» **Supplied information**
[Start of section]

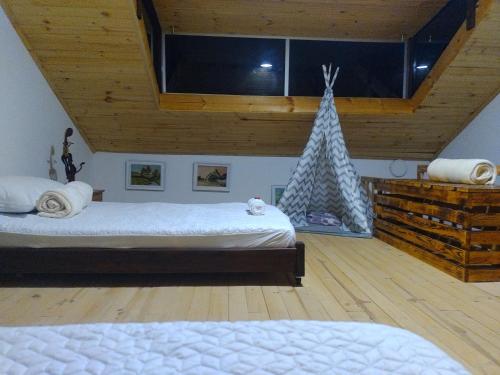 a bedroom with two beds and a christmas tree at Chalet Laguna Sagrada de Fuquene in Fúquene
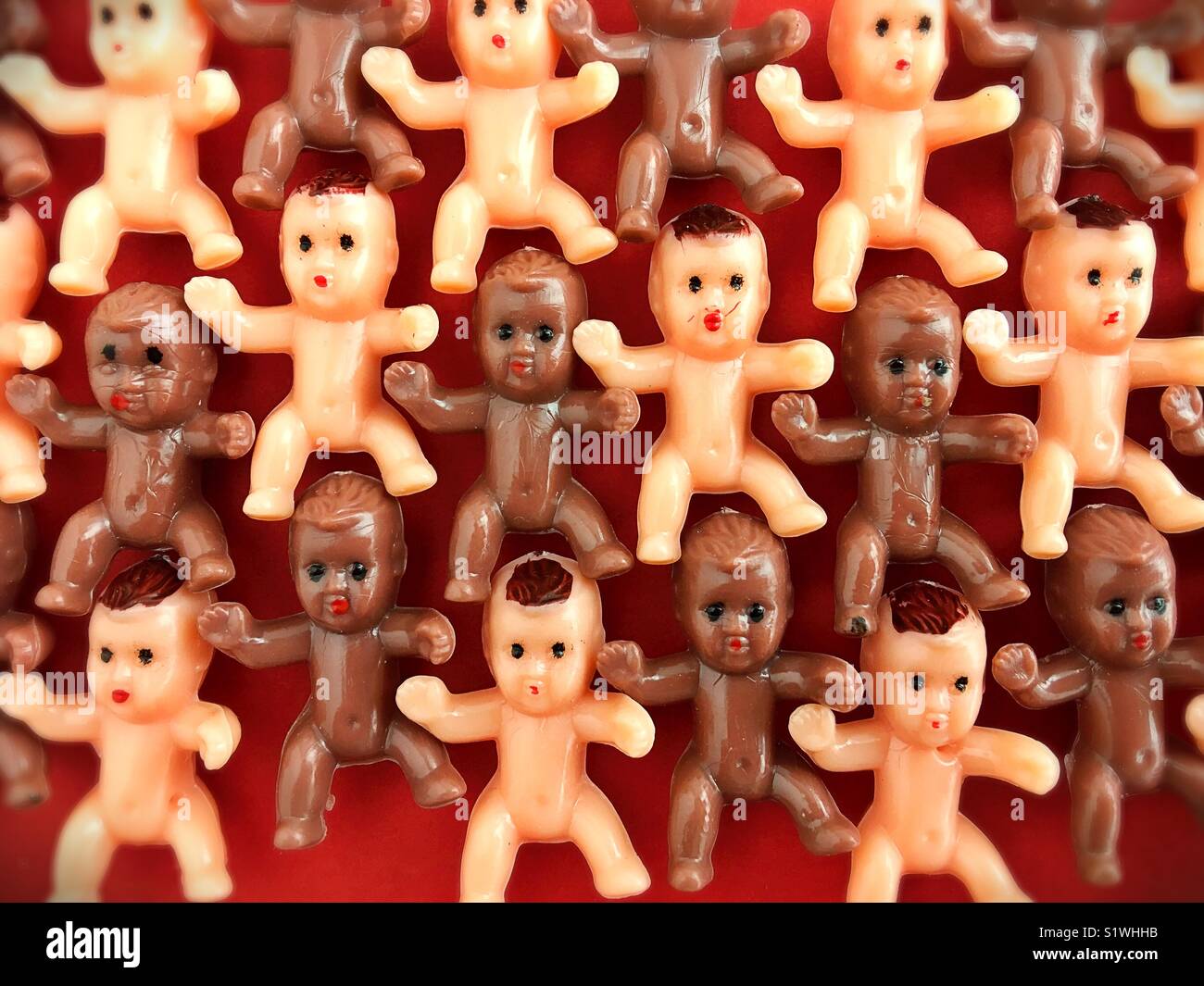 Rows of tiny plastic babies. Stock Photo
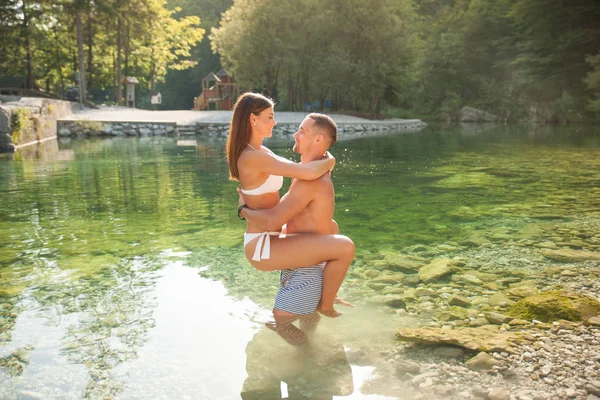 アクティブな若いカップルで夏の暑い日立って川を低温と水中歩行 — ストック写真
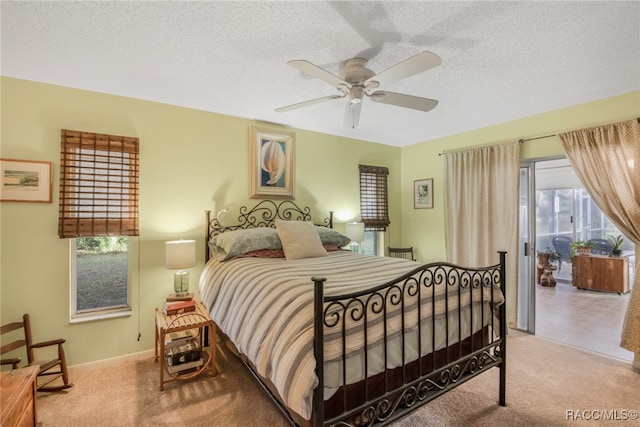 bedroom with a textured ceiling, ceiling fan, and light carpet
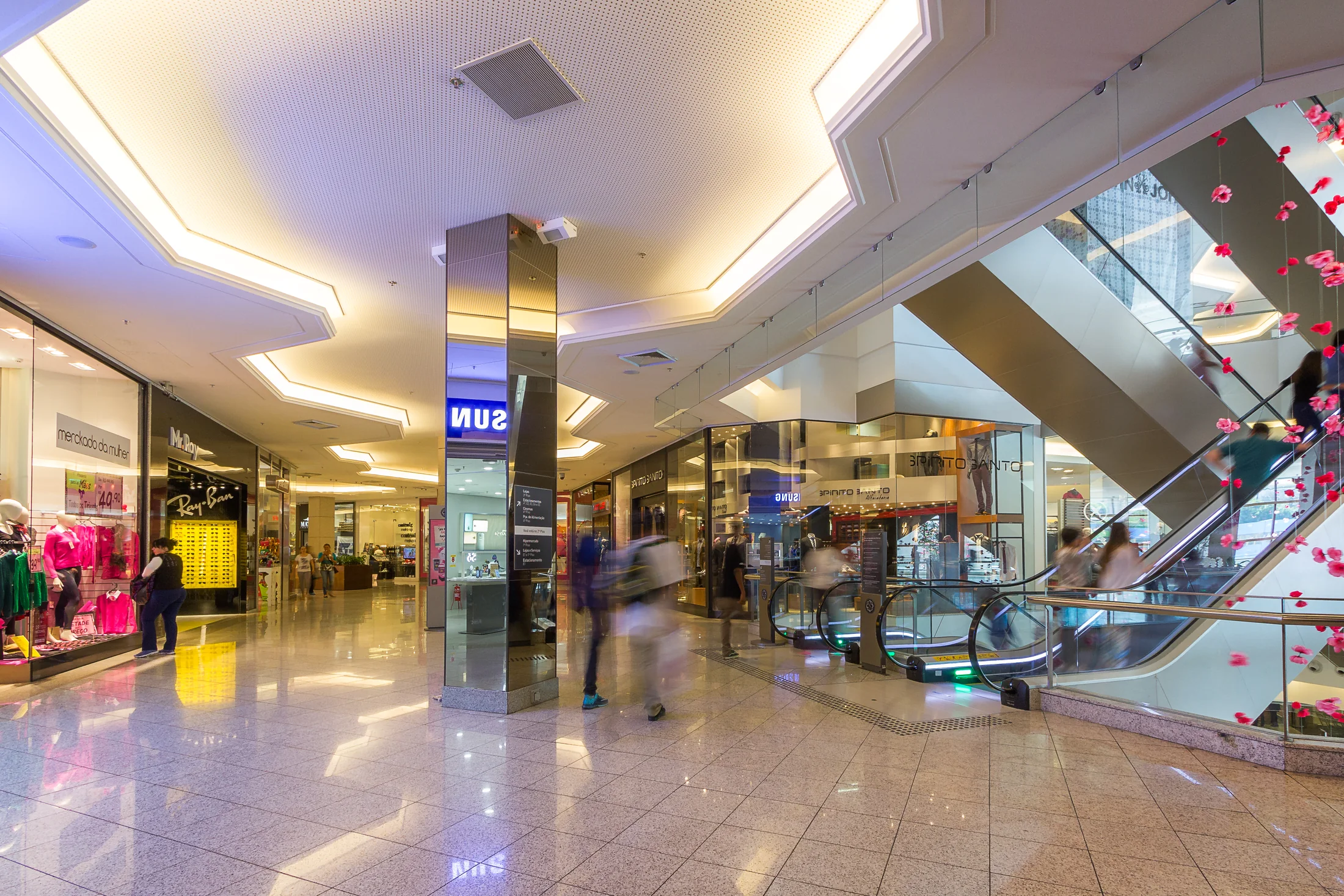 Galeria do Bourbon Shopping Wallig, com teto iluminado, pilar espelhado, escadas rolantes e pessoas em movimento.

[End of section]

» **Assignment**
Every line from the one containing "アクティブな若いカップルで夏の暑い日立って川を低温と水中歩行 — ストック写真" through the last line of the listing must be written out again exactly, and no other line. Leave the pictures aside.

» **Solution**
 アクティブな若いカップルで夏の暑い日立って川を低温と水中歩行 — ストック写真
 bedroom with a textured ceiling, ceiling fan, and light carpet
 Galeria do Bourbon Shopping Wallig, com teto iluminado, pilar espelhado, escadas rolantes e pessoas em movimento.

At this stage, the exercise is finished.